Required work:
When copying the data below, keep only the lines from the one with "Mysore silk sarees light weight pattern" through the one with "Dereck Lively, Mark", word for word, and skip the pictures.

Source material:

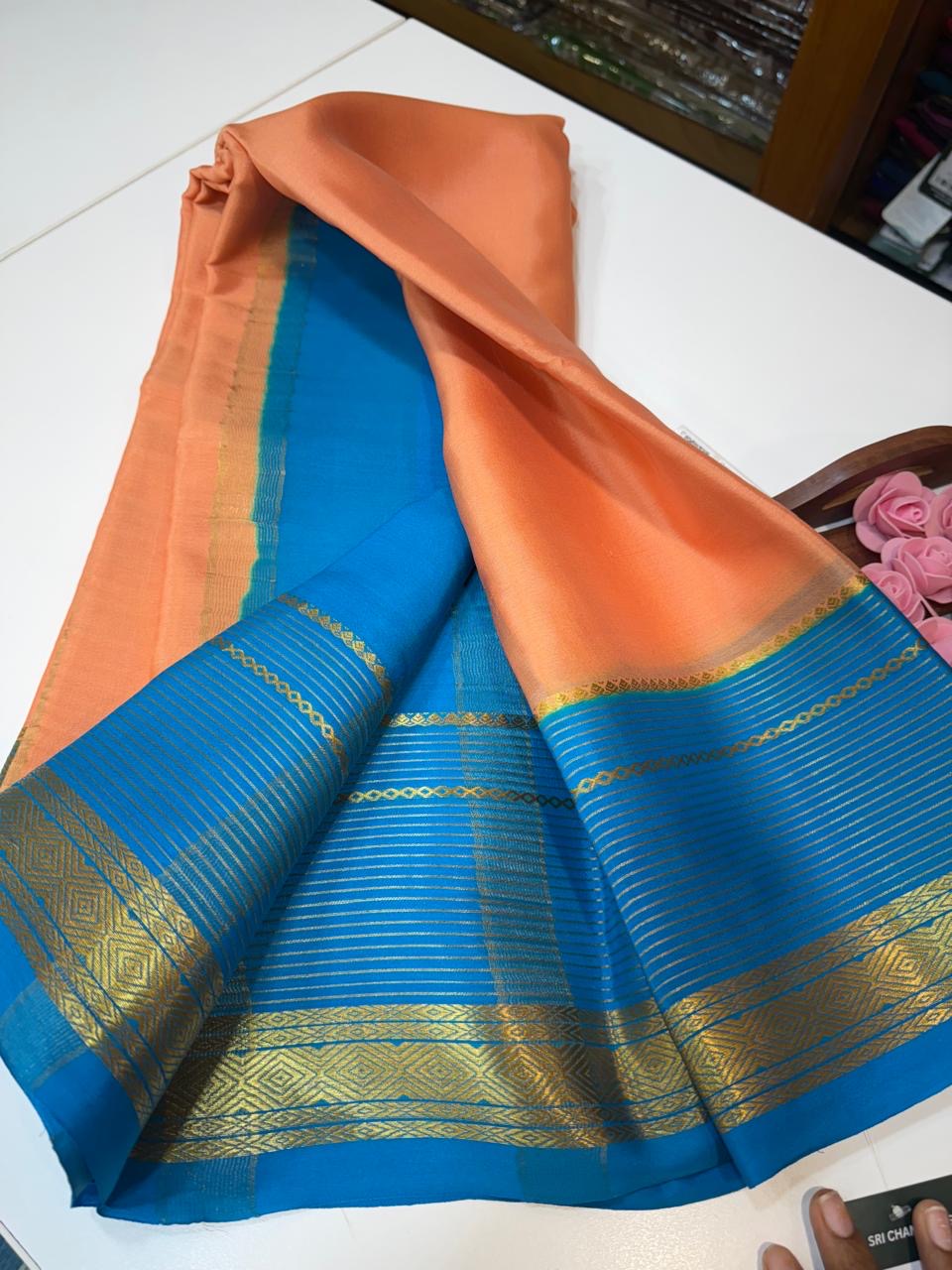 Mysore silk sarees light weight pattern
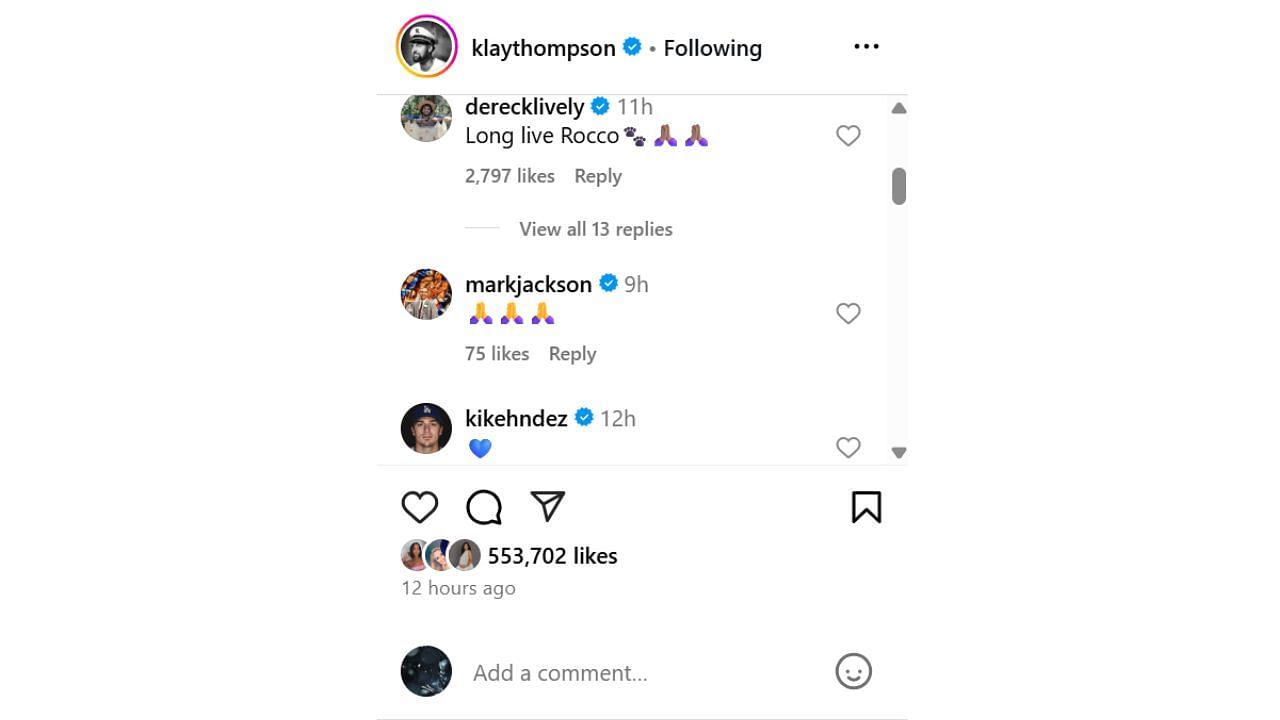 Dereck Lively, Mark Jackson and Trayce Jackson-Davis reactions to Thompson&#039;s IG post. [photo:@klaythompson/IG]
* * *
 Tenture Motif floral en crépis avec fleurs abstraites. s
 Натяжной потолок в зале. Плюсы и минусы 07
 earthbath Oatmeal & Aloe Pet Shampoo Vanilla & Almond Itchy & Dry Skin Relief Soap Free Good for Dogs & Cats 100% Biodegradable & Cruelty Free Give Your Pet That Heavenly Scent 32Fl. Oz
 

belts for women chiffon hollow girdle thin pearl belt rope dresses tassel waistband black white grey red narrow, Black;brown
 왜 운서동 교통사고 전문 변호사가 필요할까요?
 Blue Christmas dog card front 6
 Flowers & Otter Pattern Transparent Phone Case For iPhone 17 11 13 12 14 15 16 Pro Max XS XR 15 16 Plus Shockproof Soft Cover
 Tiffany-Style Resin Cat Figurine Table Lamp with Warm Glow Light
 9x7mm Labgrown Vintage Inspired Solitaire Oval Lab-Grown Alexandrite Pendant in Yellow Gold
* * *
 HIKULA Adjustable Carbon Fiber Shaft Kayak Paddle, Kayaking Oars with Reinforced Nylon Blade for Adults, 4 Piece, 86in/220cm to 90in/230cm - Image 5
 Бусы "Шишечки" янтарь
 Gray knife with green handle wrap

Response for this exercise:
 Mysore silk sarees light weight pattern
 Dereck Lively, Mark Jackson and Trayce Jackson-Davis reactions to Thompson&#039;s IG post. [photo:@klaythompson/IG]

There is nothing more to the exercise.